*** Given data ***
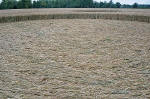 Avebury Manor, Wiltshire crop circle, aerial photo 54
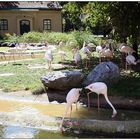 Tierpark Schönbrunn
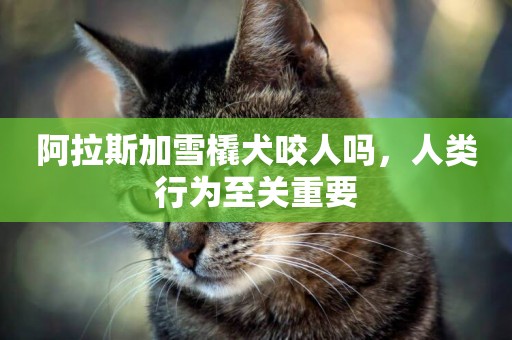 阿拉斯加雪橇犬咬人嗎，人類行為至關重要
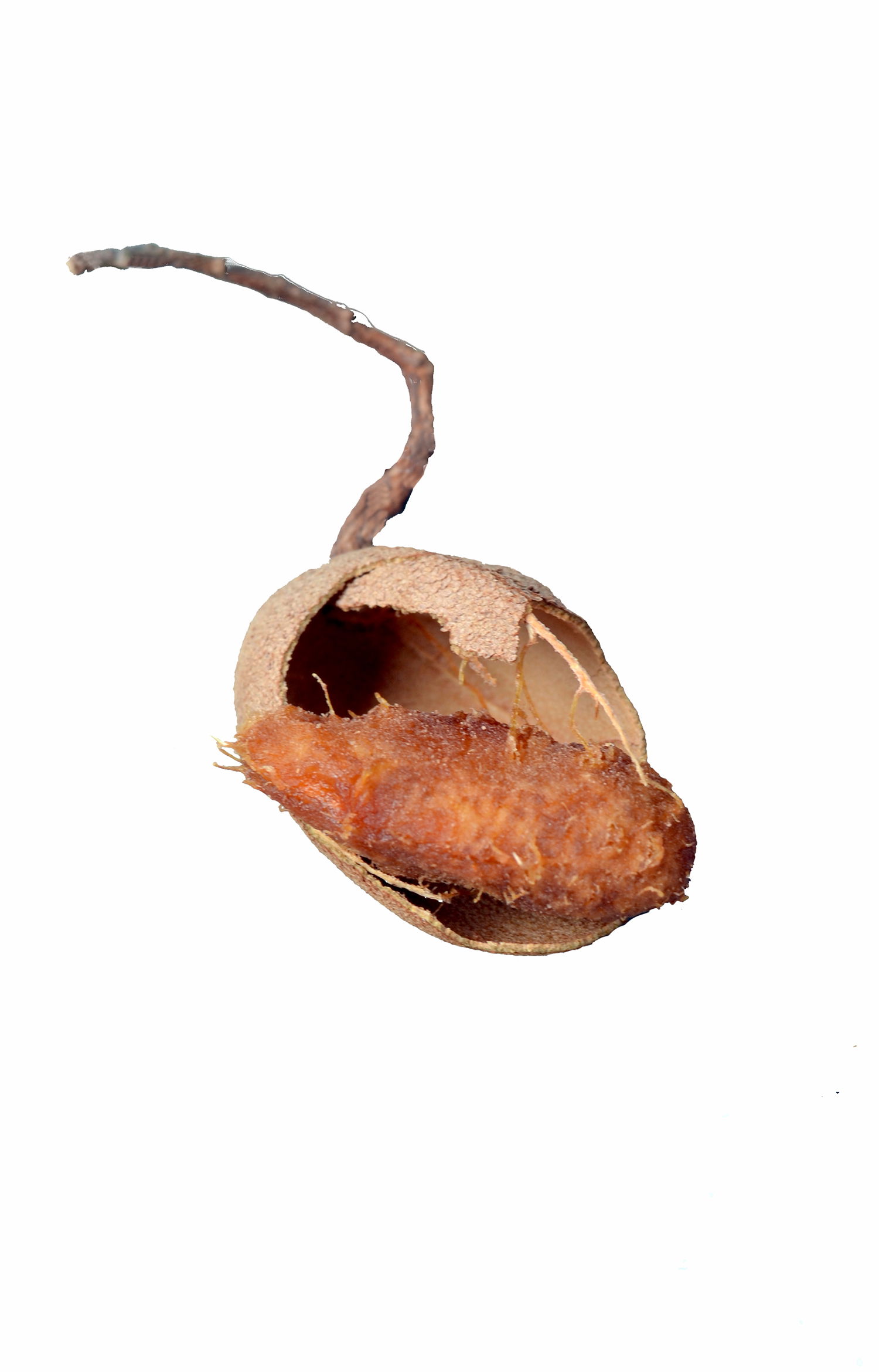 Tamarind fruit
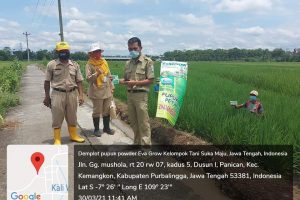 Galeri PT Prosper Biotech Indonesia (18)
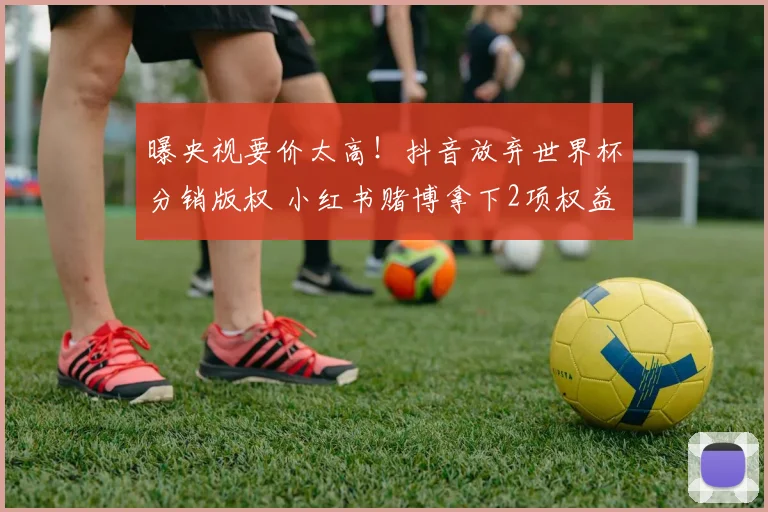 曝央视要价太高！抖音放弃世界杯分销版权 小红书赌博拿下2项权益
*** End of Given data ***
All of the data above should be printed again exactly, though none of the pictures belong in the copy.

 Avebury Manor, Wiltshire crop circle, aerial photo 54
 Tierpark Schönbrunn
 阿拉斯加雪橇犬咬人嗎，人類行為至關重要
 Tamarind fruit
 Galeri PT Prosper Biotech Indonesia (18)
 曝央视要价太高！抖音放弃世界杯分销版权 小红书赌博拿下2项权益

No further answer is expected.